Our method will be to watch and talk about people’s habits of action and feeling. When these are good, we call them ‘virtues’, but the seven deadly sins are examples of the dark side of virtues, called ‘vices’. We have attended to these seven vices because they offer us a vehicle for examining our desires when they have gone haywire. In 1 John 2:15-17, the apostle John tells of a problem that we all carry behind our eyeballs (in what is elsewhere called ‘the heart’). He notices the way people become lost in ‘the desires of the flesh, the desires of the eyes’, and ‘pride in possessions’ ...
We hope then that our attention to the seven deadly sins will offer sober opportunity to assess this malfunction in our emotional world, because until our emotional world begins to be changed (with God’s help), we won’t be free to enjoy the goods that God dreams of for us ...

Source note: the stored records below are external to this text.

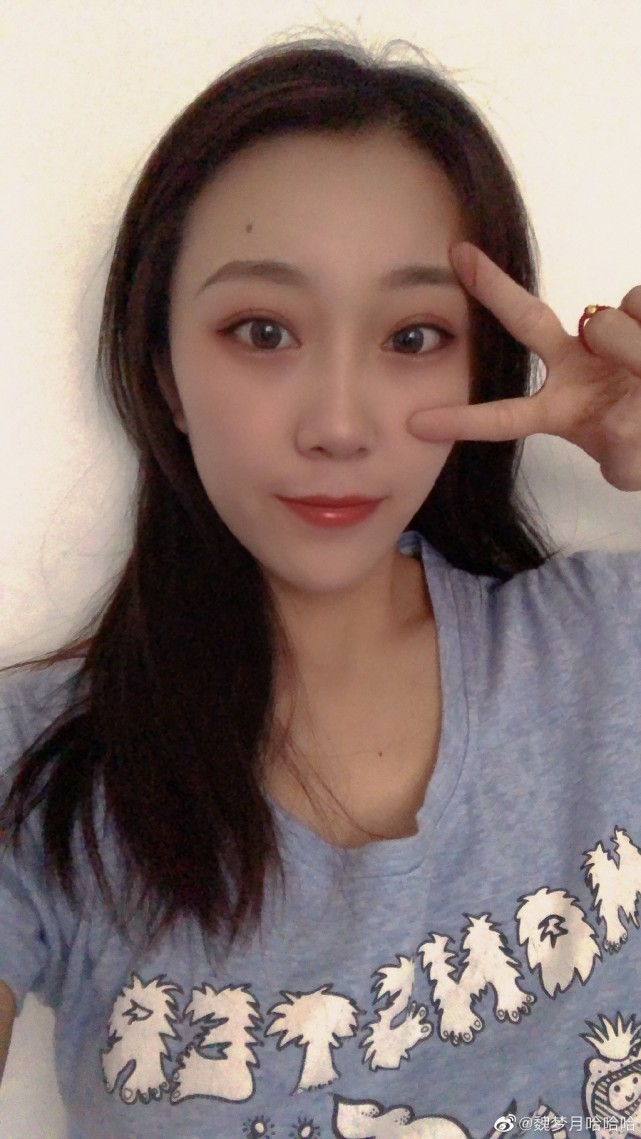 载誉回国后,魏梦月训练时不慎膝关节受伤,因此休养恢复了一年时间.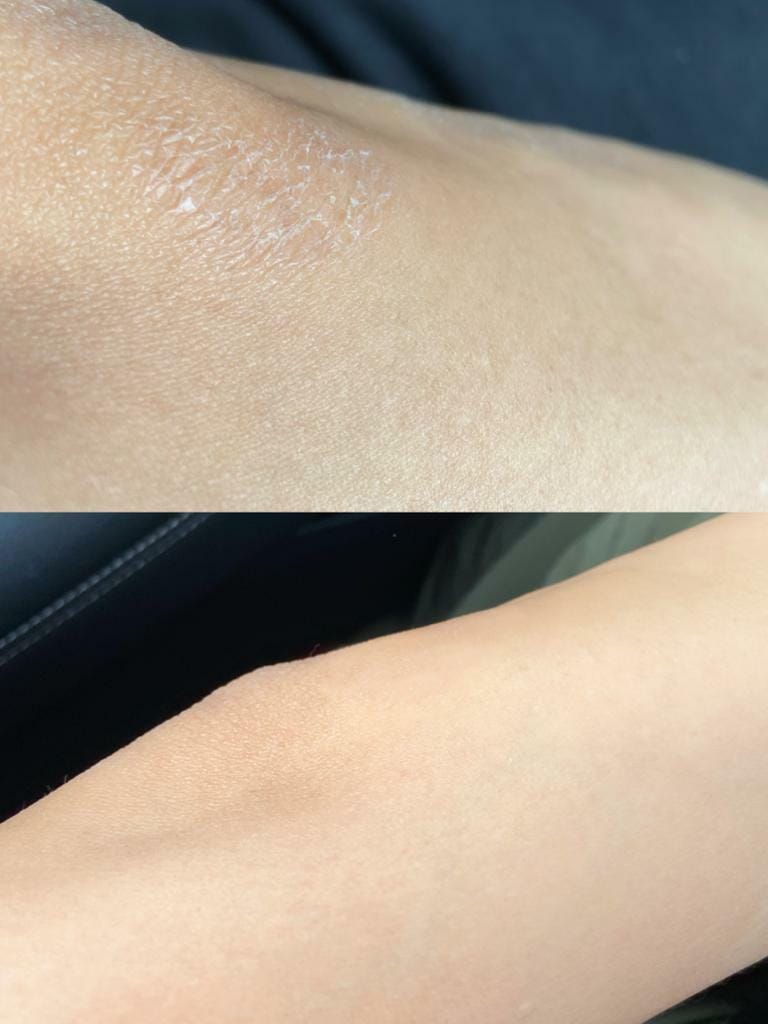 Customer photo review of Ready Set Glow - The Deliciously Effective Beauty Gummy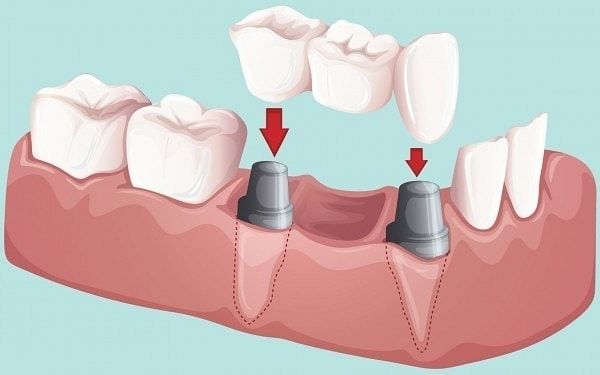 Dental Bridge Treatment | Dr. Molly Rodgers Dentist | Edmonton Smiles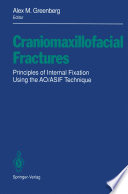 Craniomaxillofacial Fractures : Principles of Internal Fixation Using the AO/ASIF Technique /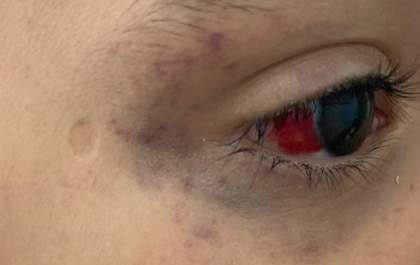 Criança é torturada por 24h com fio de celular pelo padrasto por fazer xixi na cama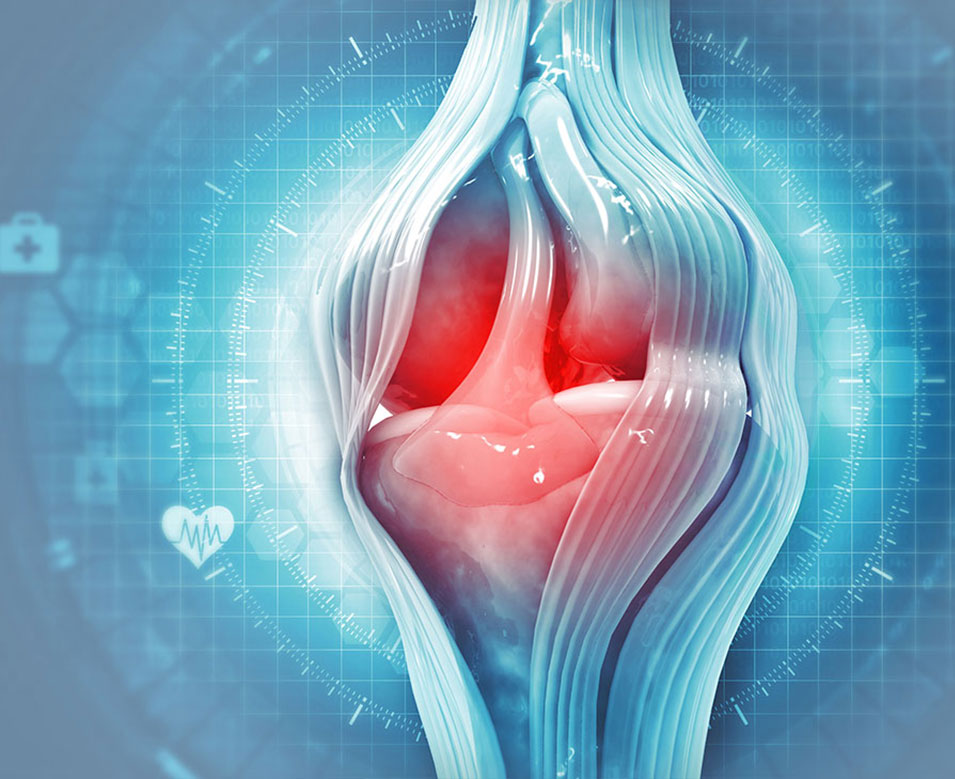 Diagram of knee pain before Advanced Joint Pain Relief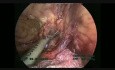 Laparoscopic Left Colectomy, Step By Step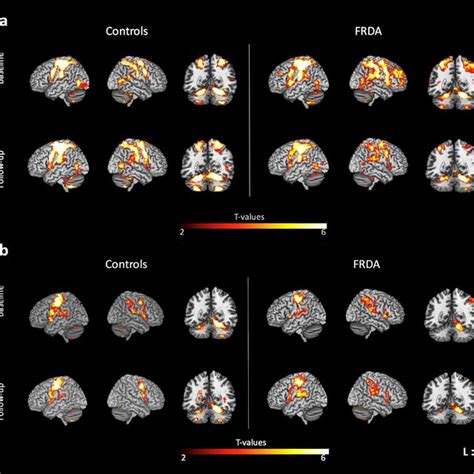 Brain Regions Showing Significant Within Group Functional Activation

Attention to the seven deadly sins has been a teaching tool to enable people to begin to see what love doesn’t, and hence does, look like in several of the small moments of their lives. By arguing against various vices, we have commended other virtues. But the language of virtue ethics, which is amply attested in the New Testament, is a help to us precisely because it offers brief descriptions of the way an agent and his or her affections intersects with the order of reality that surrounds her, voiced in a supple, varied and creative language. In the heated moment of decision, virtue language offers a statement of aim: I can quickly weigh up who I want to be in the moment ...
I haven't yet read the book in entirety, but I reckon it will be worth it!